Supplied entries Block Start

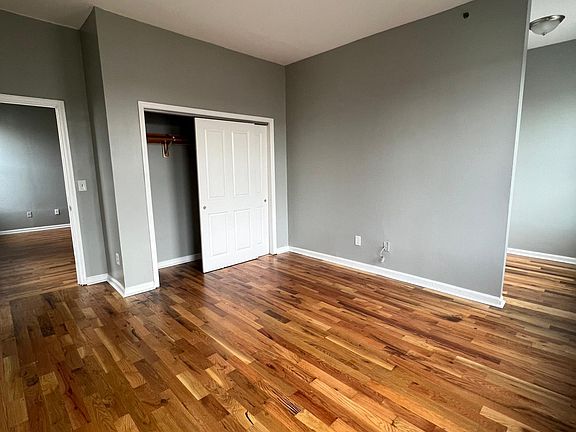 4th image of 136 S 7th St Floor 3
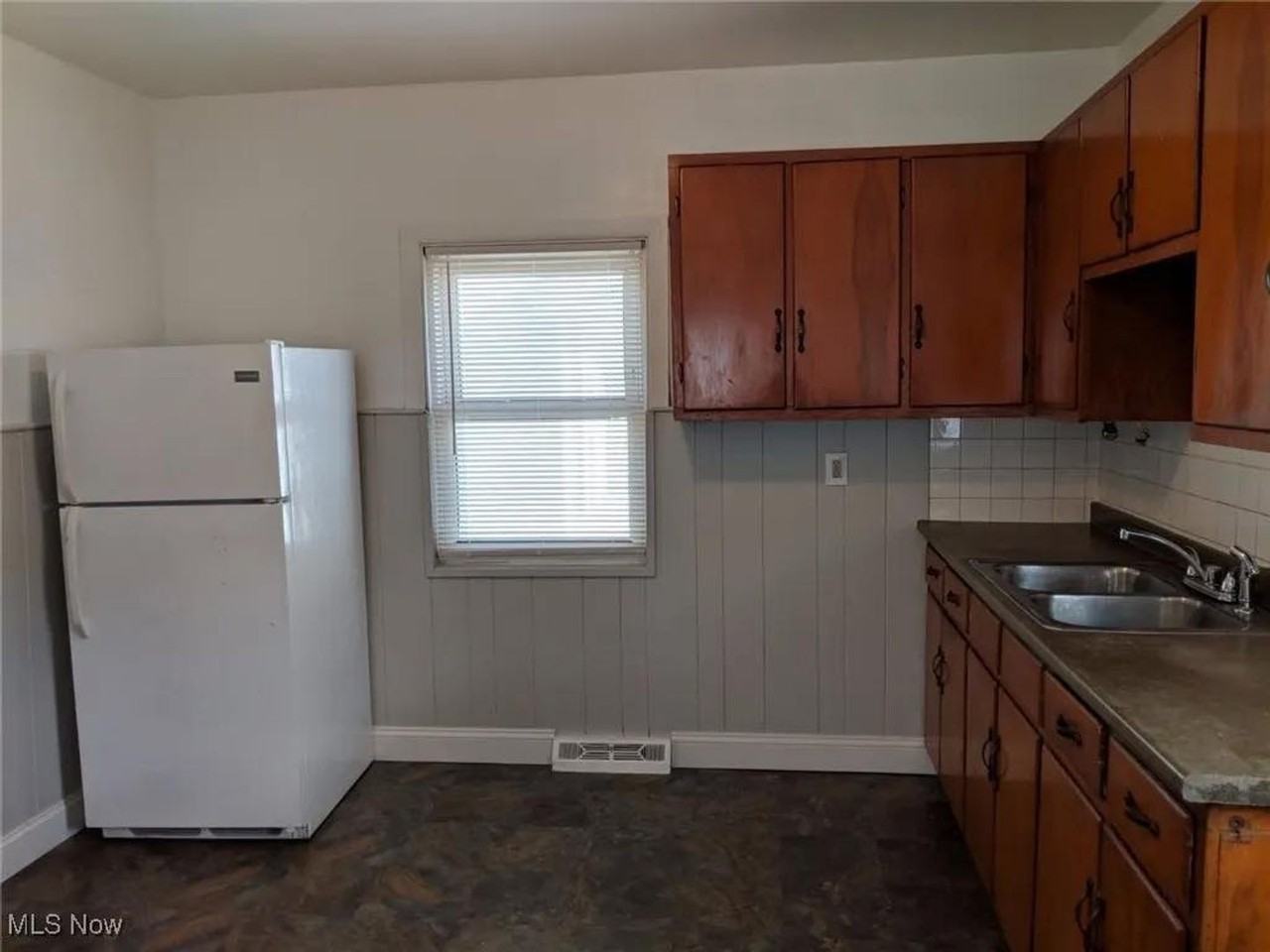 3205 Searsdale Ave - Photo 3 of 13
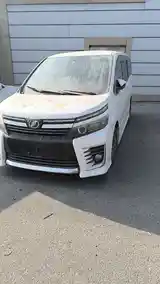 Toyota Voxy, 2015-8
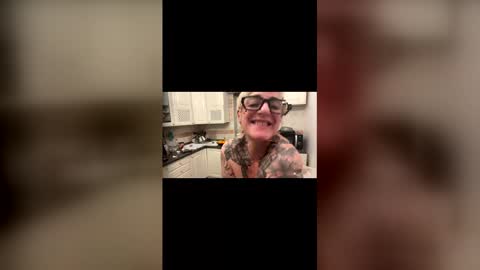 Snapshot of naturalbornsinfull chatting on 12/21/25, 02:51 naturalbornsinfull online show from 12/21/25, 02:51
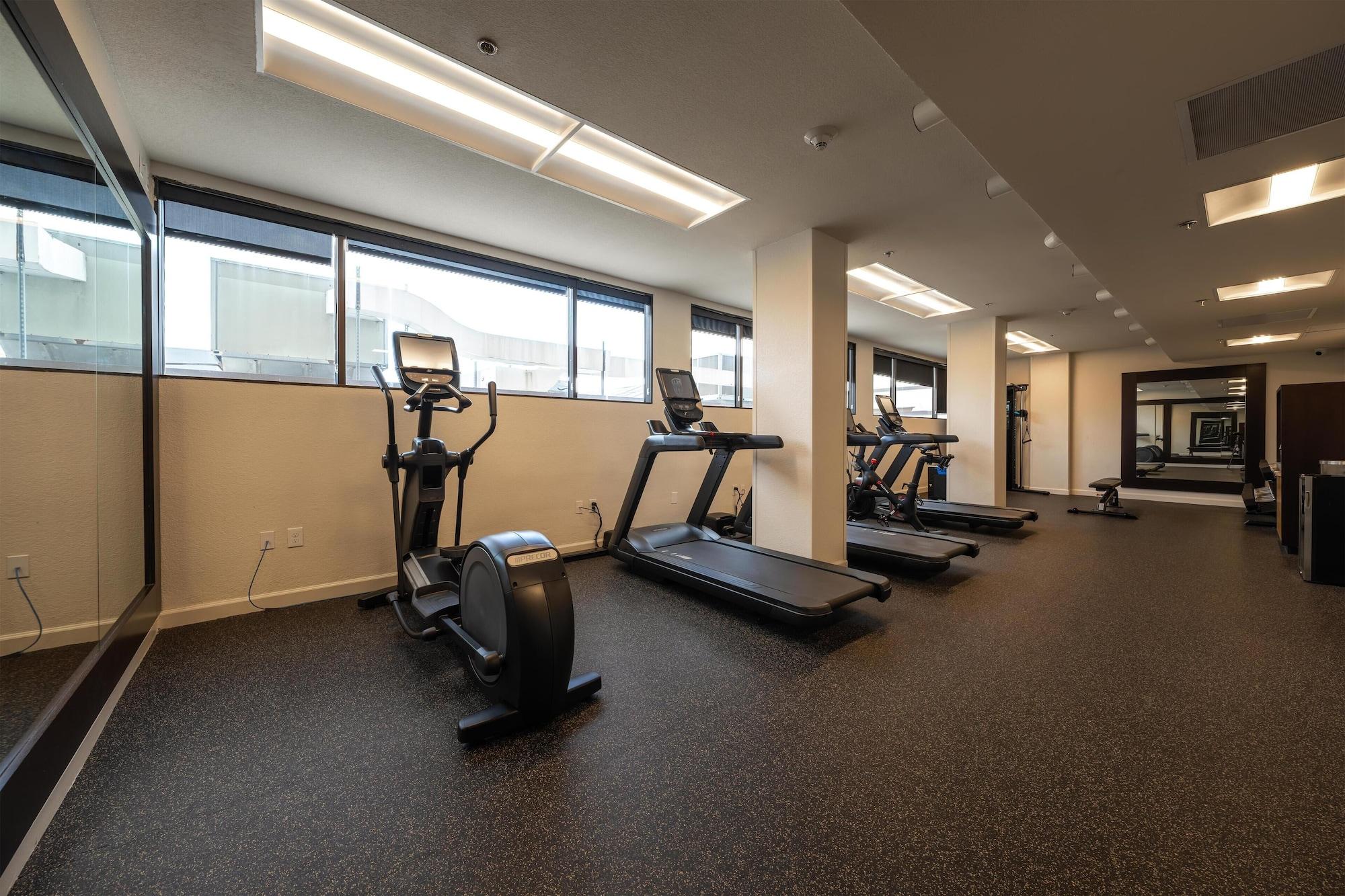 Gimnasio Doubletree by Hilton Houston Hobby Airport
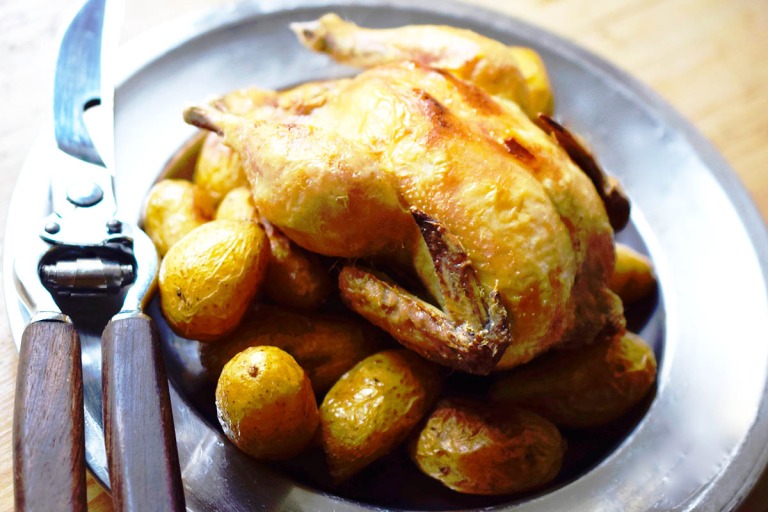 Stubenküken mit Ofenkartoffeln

Supplied entries Block End
Supplied entries Block Start

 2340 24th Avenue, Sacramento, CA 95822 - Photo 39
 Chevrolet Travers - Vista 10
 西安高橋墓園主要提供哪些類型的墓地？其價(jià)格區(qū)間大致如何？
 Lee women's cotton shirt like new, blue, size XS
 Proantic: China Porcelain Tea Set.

Supplied entries Block End
Supplied entries Block Start

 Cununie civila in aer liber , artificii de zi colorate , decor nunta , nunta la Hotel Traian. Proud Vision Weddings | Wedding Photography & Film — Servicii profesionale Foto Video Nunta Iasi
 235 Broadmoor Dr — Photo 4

Supplied entries Block End

- _Exercise_: Reproduce the entries exactly, from the line with "Gimnasio Doubletree by" to the line with "Stubenküken mit Ofenkartoffeln", both lines included, keeping no pictures.

- _Output for this exercise_:
 Gimnasio Doubletree by Hilton Houston Hobby Airport
 Stubenküken mit Ofenkartoffeln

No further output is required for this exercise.